Last weekend he was interviewed in the newspaper La Razón and the journal took the following phrase to the main title: “Violence in Catalonia has been more influential than in the Basque Country.”
This has raised a great deal of controversy among the victims of ETA in Catalonia, who have reported torture. Rosa Lluch, daughter of Ernest Lluch, killed by ETA, for example, replied: “Comparing what is happening in Catalonia with murders like my father’s is not only a banalization, but also an insult to the victims. Please be responsible and do not fatten the worsening of the situation.”
Roberto Manrique, injured in the Hipercor attack, also replied with a tweet: “See minister, when you have a time and stop telling lies, come to the door of Hipercor and tell us what your vision of violence is. Enrique, Nuria, Enric, Francesc, Rosa, Marc, Marta… we look forward to you.”
In the part of the interview that deals with this episode, Marlaska refers to street unrest and it is clear that in the riots in Catalonia there is talk about the violence that protesters exert against the police, but the newspaper takes it to the title in isolation and it seems that in general it refers to violence.

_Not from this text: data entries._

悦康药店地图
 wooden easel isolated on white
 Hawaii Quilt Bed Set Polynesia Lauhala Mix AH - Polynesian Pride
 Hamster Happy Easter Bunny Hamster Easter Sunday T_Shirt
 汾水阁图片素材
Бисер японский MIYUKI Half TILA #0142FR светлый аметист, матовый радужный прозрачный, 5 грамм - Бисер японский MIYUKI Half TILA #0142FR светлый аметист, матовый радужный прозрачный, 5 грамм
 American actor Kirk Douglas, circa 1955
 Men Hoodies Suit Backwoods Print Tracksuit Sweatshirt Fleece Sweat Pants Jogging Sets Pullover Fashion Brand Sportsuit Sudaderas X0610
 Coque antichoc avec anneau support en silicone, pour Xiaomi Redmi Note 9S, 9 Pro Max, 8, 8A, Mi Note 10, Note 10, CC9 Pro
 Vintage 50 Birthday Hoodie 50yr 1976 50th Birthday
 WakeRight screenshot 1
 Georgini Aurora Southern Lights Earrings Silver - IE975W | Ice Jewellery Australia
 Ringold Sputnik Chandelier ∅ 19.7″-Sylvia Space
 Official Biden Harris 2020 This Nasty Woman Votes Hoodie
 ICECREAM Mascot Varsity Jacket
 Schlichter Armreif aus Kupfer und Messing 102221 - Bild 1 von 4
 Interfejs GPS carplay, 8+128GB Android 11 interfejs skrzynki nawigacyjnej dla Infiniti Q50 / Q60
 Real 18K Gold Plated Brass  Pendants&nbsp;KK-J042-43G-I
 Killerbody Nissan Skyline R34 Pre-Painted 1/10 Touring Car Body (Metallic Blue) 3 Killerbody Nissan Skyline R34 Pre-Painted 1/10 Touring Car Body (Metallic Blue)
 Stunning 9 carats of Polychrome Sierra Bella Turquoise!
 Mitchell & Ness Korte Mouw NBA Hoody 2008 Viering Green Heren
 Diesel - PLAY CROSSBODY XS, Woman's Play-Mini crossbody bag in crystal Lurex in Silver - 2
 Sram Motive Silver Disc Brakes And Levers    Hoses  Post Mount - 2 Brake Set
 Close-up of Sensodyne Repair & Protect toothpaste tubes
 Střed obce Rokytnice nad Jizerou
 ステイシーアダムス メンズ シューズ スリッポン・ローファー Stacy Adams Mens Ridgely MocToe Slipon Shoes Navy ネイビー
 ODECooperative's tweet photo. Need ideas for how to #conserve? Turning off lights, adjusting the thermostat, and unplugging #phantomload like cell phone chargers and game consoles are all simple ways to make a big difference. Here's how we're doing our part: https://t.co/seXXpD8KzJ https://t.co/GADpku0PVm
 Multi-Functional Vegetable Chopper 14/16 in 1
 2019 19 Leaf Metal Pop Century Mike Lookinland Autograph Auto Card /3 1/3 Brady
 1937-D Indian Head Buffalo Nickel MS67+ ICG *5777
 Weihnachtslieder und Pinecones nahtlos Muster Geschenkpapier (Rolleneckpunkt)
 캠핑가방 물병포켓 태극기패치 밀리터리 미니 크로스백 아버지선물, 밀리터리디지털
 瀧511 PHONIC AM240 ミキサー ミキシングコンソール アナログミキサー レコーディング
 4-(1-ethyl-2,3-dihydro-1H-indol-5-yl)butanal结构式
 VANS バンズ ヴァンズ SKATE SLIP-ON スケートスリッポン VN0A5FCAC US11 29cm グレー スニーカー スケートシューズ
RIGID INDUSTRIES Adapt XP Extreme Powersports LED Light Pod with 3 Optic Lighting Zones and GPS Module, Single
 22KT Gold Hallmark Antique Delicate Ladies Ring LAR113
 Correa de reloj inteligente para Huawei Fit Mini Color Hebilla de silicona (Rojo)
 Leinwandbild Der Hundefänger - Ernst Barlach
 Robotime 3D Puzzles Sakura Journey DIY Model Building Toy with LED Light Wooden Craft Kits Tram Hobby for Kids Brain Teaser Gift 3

In any case, the statements and attitudes of both the minister and the newspaper clearly show the current effort to criminalize Catalan independence from the apparatus of the Spanish State. The street riots in the Basque Country led to the stamp of kale borroka and under this concept hundreds of young people were condemned by the Spanish judges, many of them with harsh prison sentences. If it has been tougher than the kale borroka in Catalonia, it is not difficult to infer that it deserves penalties such as those of Euskal Herria, or harder. The crimes of kale borroka in the Basque Country were considered crimes of terrorism, especially in the first decade of the twenty-first century, when they were tried under the ETA stamp.
The attitude of La Razón is even tougher, because by offering the slogan of Marlaska out of context, it suggests that the violence in Catalonia has been greater than that which has caused more than a thousand deaths in the Basque Country. The impulse of many media outlets in Spain is very important to extend criminalisation to society, in the case of the CoR it is very clear, as seen in this post by Lander Arbelaitz: the media link the CDS with explosives in their titles, but then do not deny that the National Hearing does not charge them with any such crime.